## Work to complete
Look below for the line with "dog on the beach, dogs, vizsla." and the line with "KitKat bonded with"; repeat exactly those two lines and all lines between them, but no pictures.

## Data to examine
■ ■ ■ ■
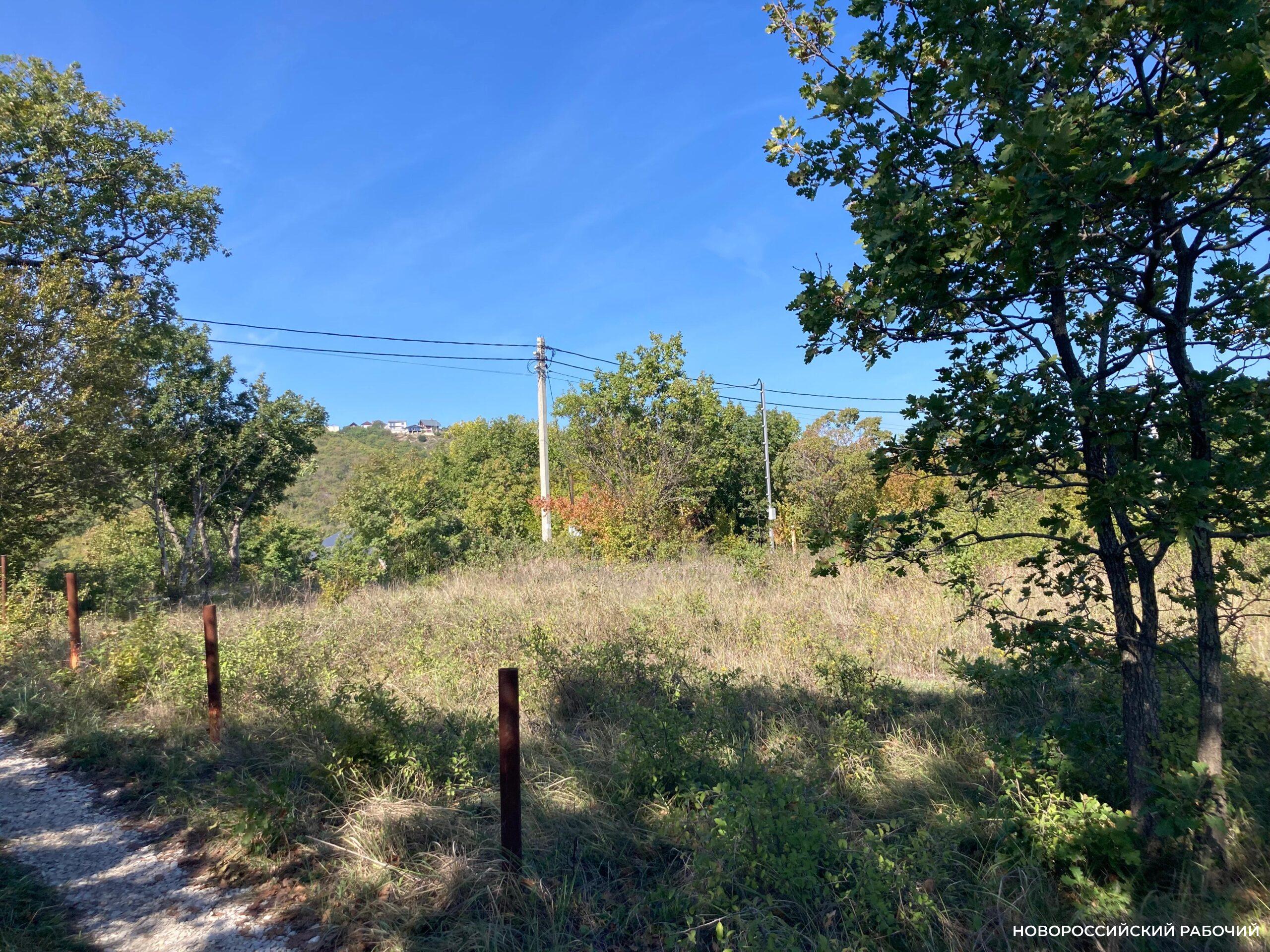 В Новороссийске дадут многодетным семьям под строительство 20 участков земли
■ ■ ■ ■
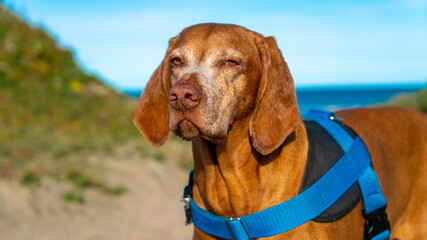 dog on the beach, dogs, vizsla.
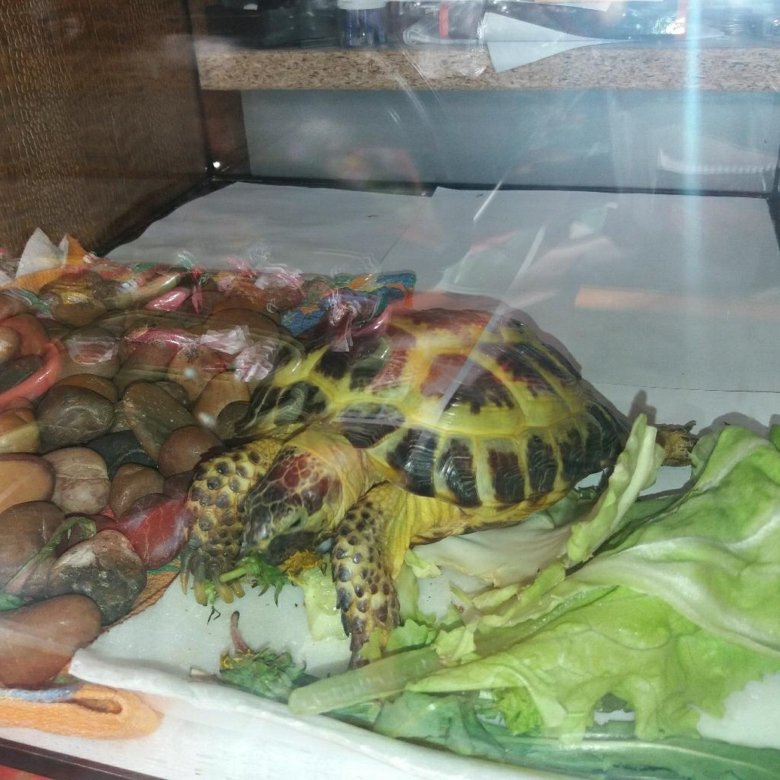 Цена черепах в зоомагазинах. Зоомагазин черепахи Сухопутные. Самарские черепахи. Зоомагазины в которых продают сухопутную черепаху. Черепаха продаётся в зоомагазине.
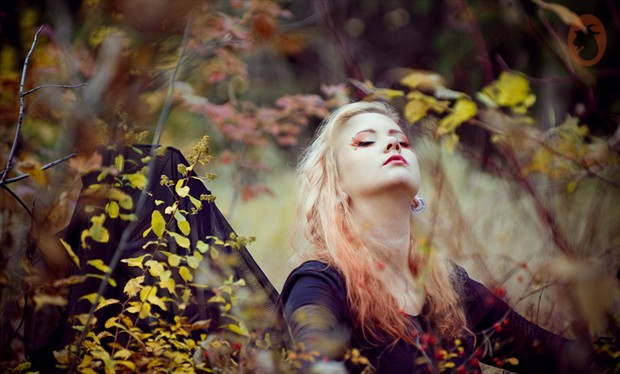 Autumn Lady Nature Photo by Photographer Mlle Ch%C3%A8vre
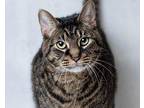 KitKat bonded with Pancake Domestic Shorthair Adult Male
■ ■ ■ ■
## Solved exercise
 dog on the beach, dogs, vizsla.
 Цена черепах в зоомагазинах. Зоомагазин черепахи Сухопутные. Самарские черепахи. Зоомагазины в которых продают сухопутную черепаху. Черепаха продаётся в зоомагазине.
 Autumn Lady Nature Photo by Photographer Mlle Ch%C3%A8vre
 KitKat bonded with Pancake Domestic Shorthair Adult Male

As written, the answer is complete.